# Chi - Poodle mix, so cute at shelter in KS!



## Brodysmom (Jan 8, 2009)

This cute little guy (8 weeks and 2 pounds) is at a shelter in Wichita, KS. If anyone lives near there, go check him out. He is a cutie.

Kansas Humane Society - Dogs for Adoption - Wichita, KS - (316) 524-9196



















So many dogs waiting for homes. Just breaks my heart. I hope he and the rest of the dogs get great loving forever homes.


----------



## Tanna (Jan 29, 2009)

He is soo cute, I can hardly resist him. I hope he gets a really good home. I cna't stop looking at that sweet face.


----------



## vicsta55 (Apr 20, 2011)

Tracy,is a little buddy for Brody out of the question? So adorable.

Tori


----------



## Brodysmom (Jan 8, 2009)

vicsta55 said:


> Tracy,is a little buddy for Brody out of the question? So adorable.
> 
> Tori


LOL. I would actually be tempted by this one, I think he's so cute and he should stay little. But we are temporarily in Washington for work, so I'm not in KS anymore.


----------



## Brodysmom (Jan 8, 2009)

I see he's not on the website anymore so he must have been adopted.


----------



## Tanna (Jan 29, 2009)

Brodysmom said:


> I see he's not on the website anymore so he must have been adopted.

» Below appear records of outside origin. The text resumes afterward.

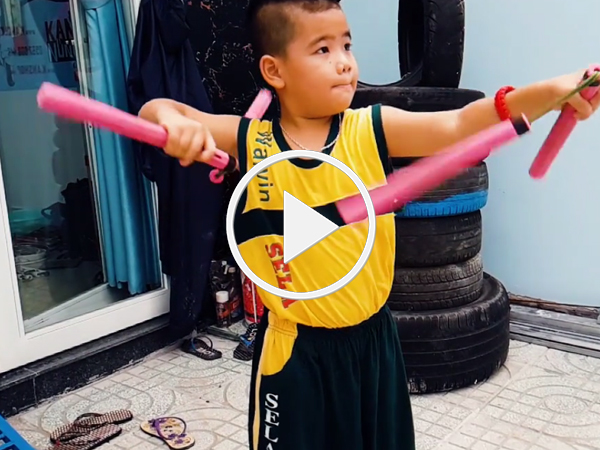 Video: Cậu bé 7 tuổi ở Sài Gòn múa côn điêu luyện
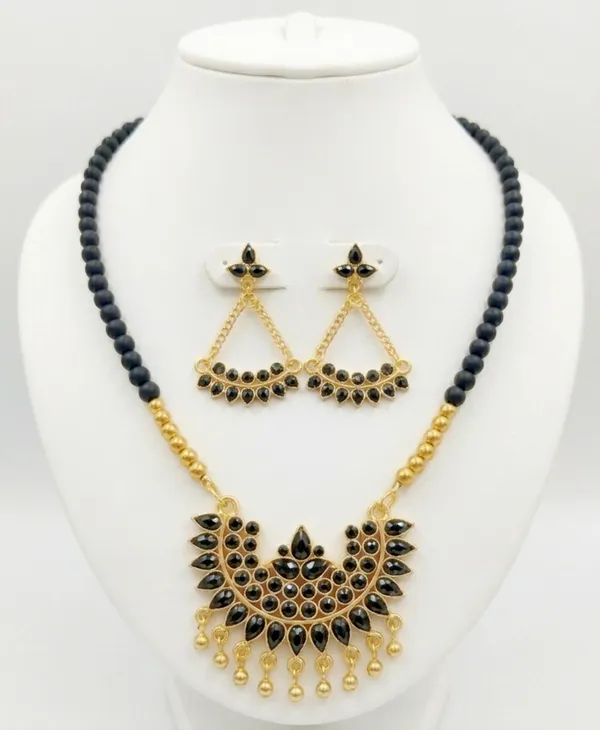 BG_GOLD_Assamese_Traditional_Copper_Based__Black_Junbiri_Moni_Tassel_Jewellery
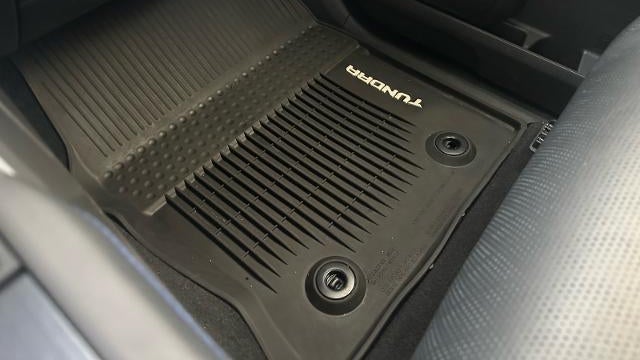 2024 Toyota Tundra Platinum HV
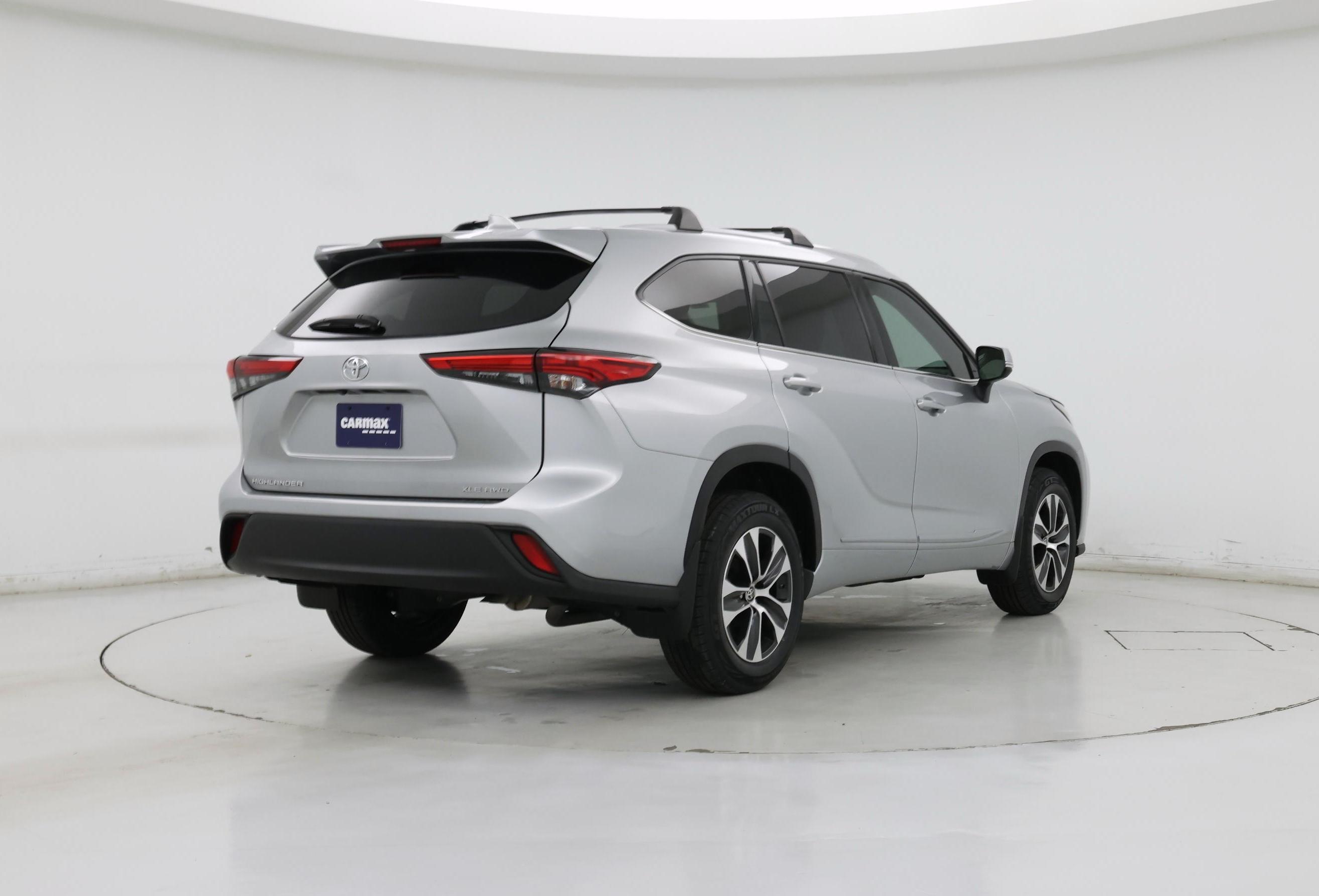 Thumbnail: 2022 Toyota Highlander - 8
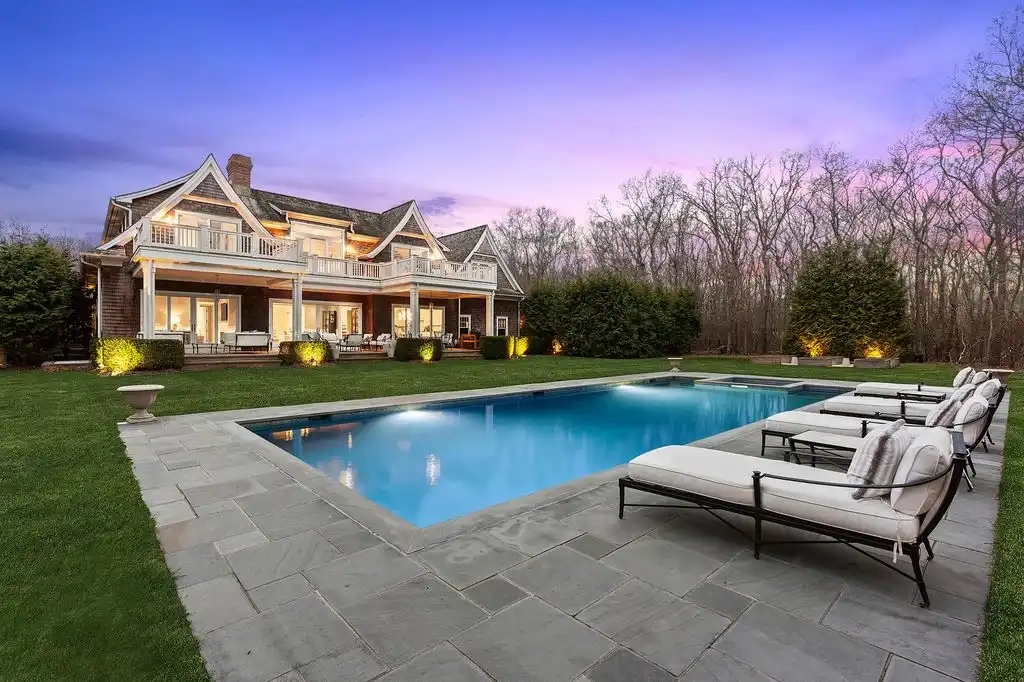 471 Middle Line Hwy Extraordinary Gabled Estate on 6.5 Acres Offers the Ultimate Hamptons Retreat for 8175000 1
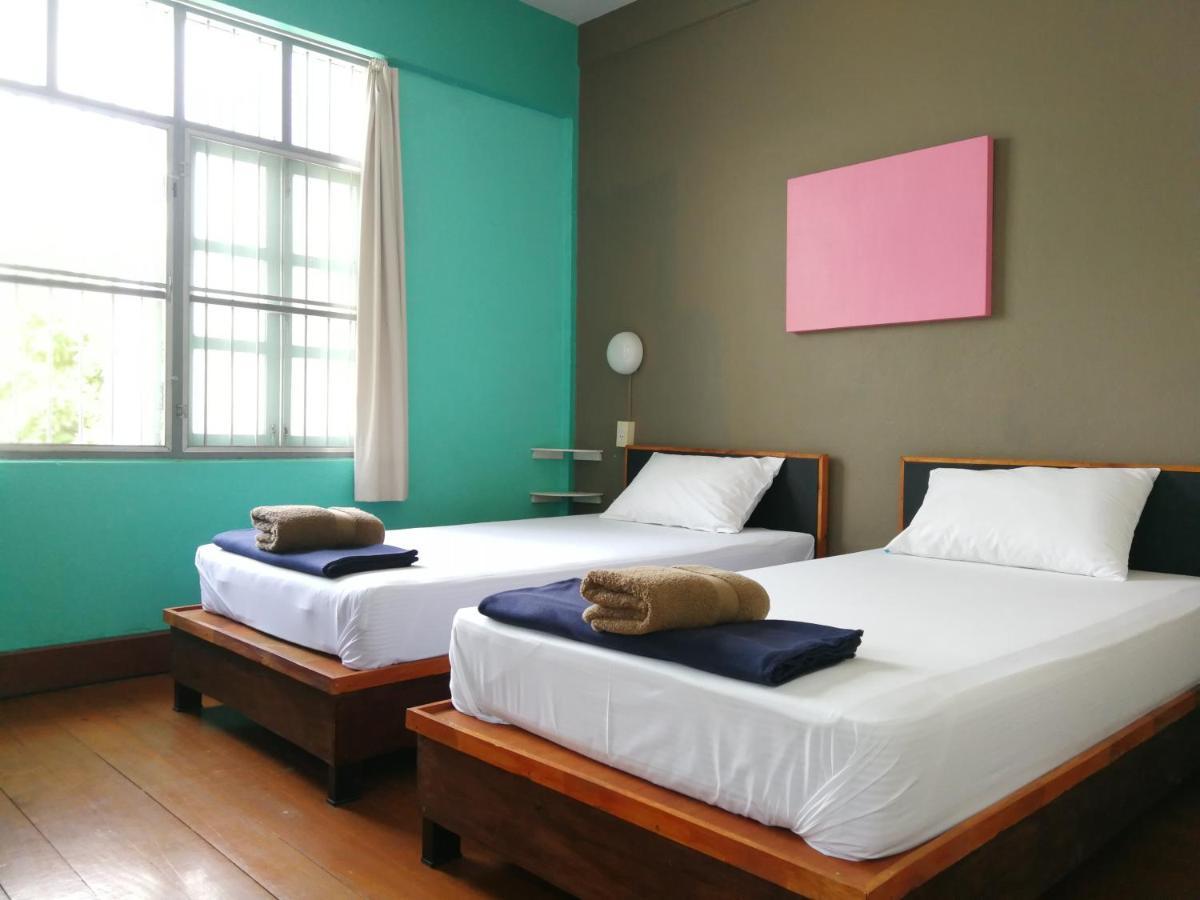 60 Blue House Otel Chiang Mai Dış mekan fotoğraf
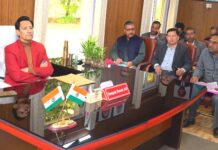 कुमाऊं कमिश्नर बिजली चोरी पर सख्त, सालों से जमे कर्मचारियों के तबादले के दिए निर्देश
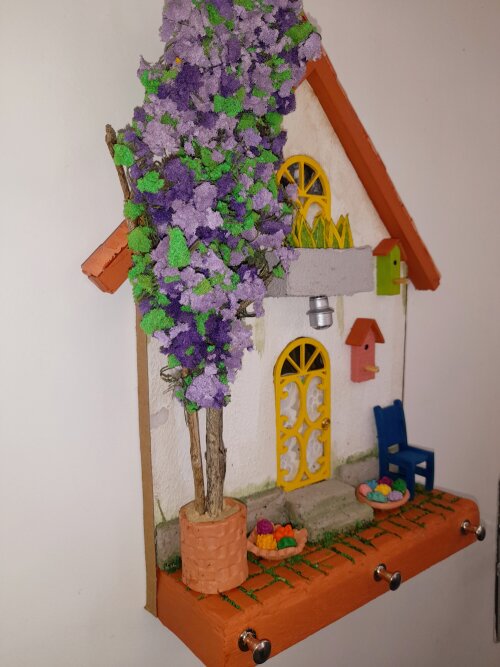Porta chave de madeira e mdf ormato frente de casa decorado
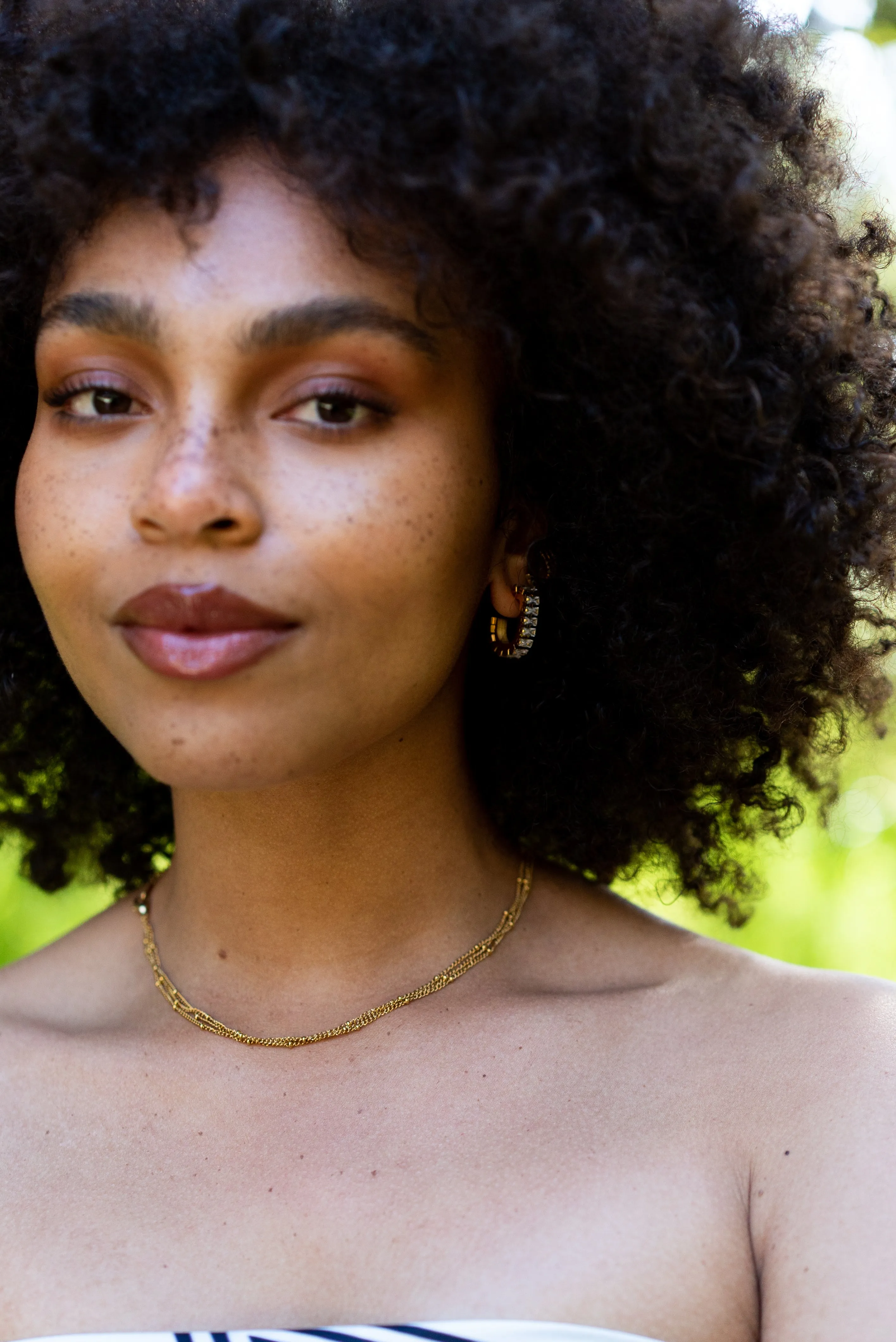 OLIVE CHOKER NECKLACE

Thank good, I was ready to ship him to California. He is breaking my heart hope it's a good home.


----------



## Rose of Love (Dec 1, 2010)

Brodysmom said:


> I see he's not on the website anymore so he must have been adopted.


oh goody!! such a cutie!!


----------



## Audreybabypup (Sep 14, 2010)

Oh my, look at that little face! I am smittened by those expressive "take me home and love me" eyes. I live to far from there


----------



## CarrieAndCalista (Jul 22, 2011)

oh my, just seen this, what a CUTIE!


----------



## buzz and lola's mummy (Aug 14, 2011)

He's so cute! x


----------